As KOVR reported, though, the social media monitoring service has also sparked backlash among some critics who see the potential for abuse of personal information.
West Sacramento Mayor Christopher Cabaldon defended his city’s first-in-the-nation introduction of Zencity, a keyword monitoring program, last year.
He said city officials are now able to pinpoint areas of concern among residents earlier than if they waited until people started complaining in person. Shortly after it was rolled out, he said the system alerted the city to a rash of mailbox thefts.
“We saw the thing that most people were talking about were mailbox thefts,” Cabaldon said. “That’s something that we might not have noticed just by waiting for people to come to city hall or filing a complaint.”
The system scans public posts on popular social media sites like Facebook, Instagram and Twitter.

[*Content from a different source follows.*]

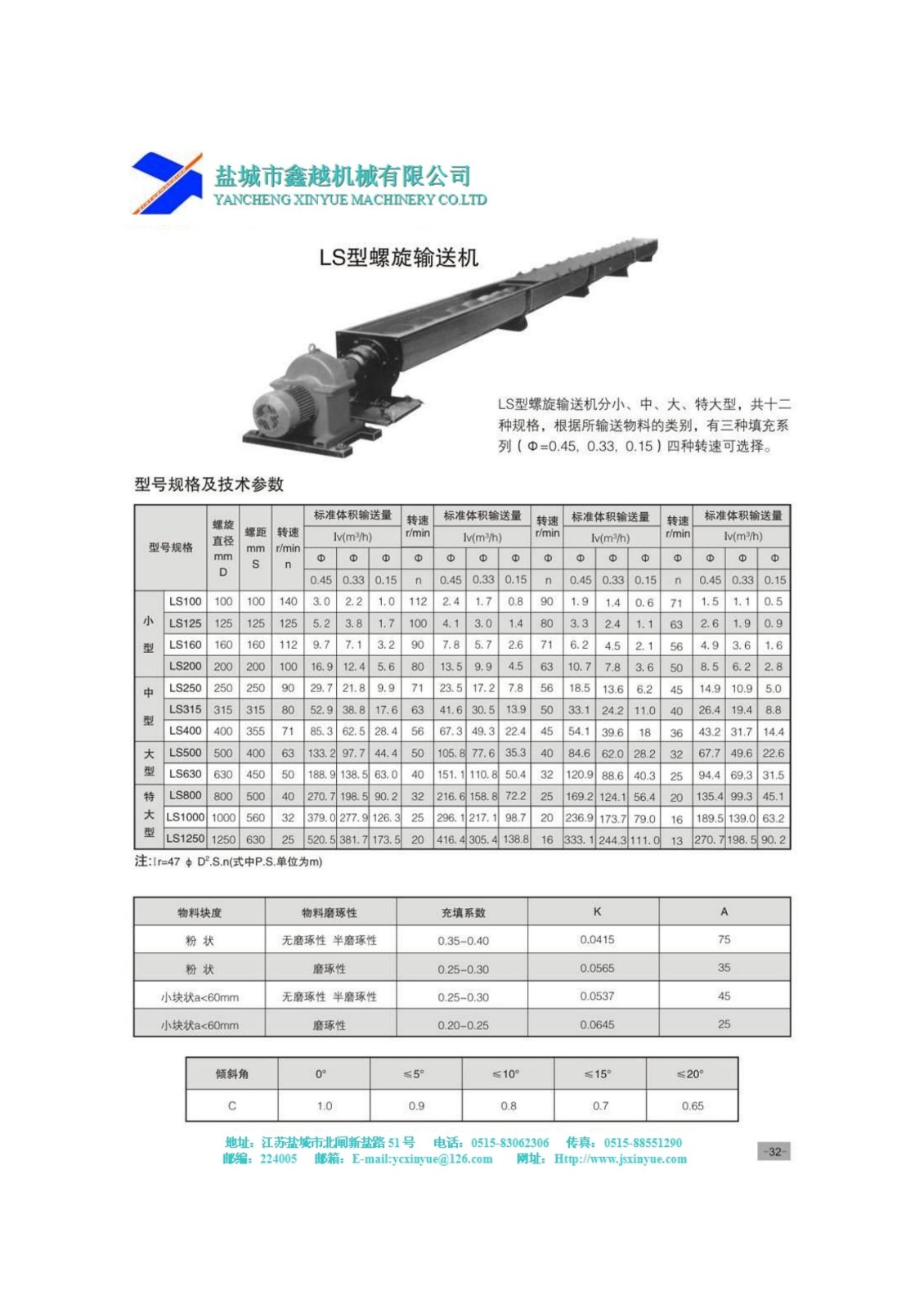 LS螺旋輸送機(jī)說明.jpg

Cabaldon said the system then “uses artificial intelligence to spider through it and see, OK, what are people talking about, what are the key words, what are the key themes, what are the key topic areas.”

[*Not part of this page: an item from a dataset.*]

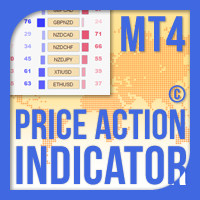 MT4-Price Action Indicator MT4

The data also determines whether the discussion on a particular topic is generally positive or negative.
Based on that information, he said city leaders receive a monthly report providing “feedback about the sentiment of the community.”
While Cabaldon points to several issues he said were addressed more quickly because of this added information, privacy advocates are concerned that this program will follow the trajectory of some other tech companies.
Companies like Facebook and Google have long been criticized for the secretive and invasive methods by which they collected and stored user data.
The use of artificial intelligence alone in a system like this is enough to worry the Electronic Frontier Foundation’s Peter Eckersley.
“There are ways this could go wrong,” he said. “Once you get into policing there are many more potential concerns around the use of artificial intelligence.”
Cabaldon dismissed such concerns as they apply to Zincity, though, insisting the program does not access personal information.
“There’s no privacy issues because we’re not opening up anything that hasn’t already been published publicly for the purposes of being published,” he said.
The system is being used to supplement existing forms of civic engagement with positive results thus far, Cabaldon said.
“It allows us to hear the whole community and not just the loudest voices,” he said.
Nevertheless, it is the perceived threat of future abuses that leaves some residents uneasy.
“What we’re seeing is these tools are being rolled out in secret without the proper safeguards to prevent abuse,” said Matt Cagle of the American Civil Liberties Union.
When news of such a controversial program surfaces, he said it is “really important to have a conversation about how this tool works and to put the burden on the government and the city council to explain exactly what it’s going to be used for.”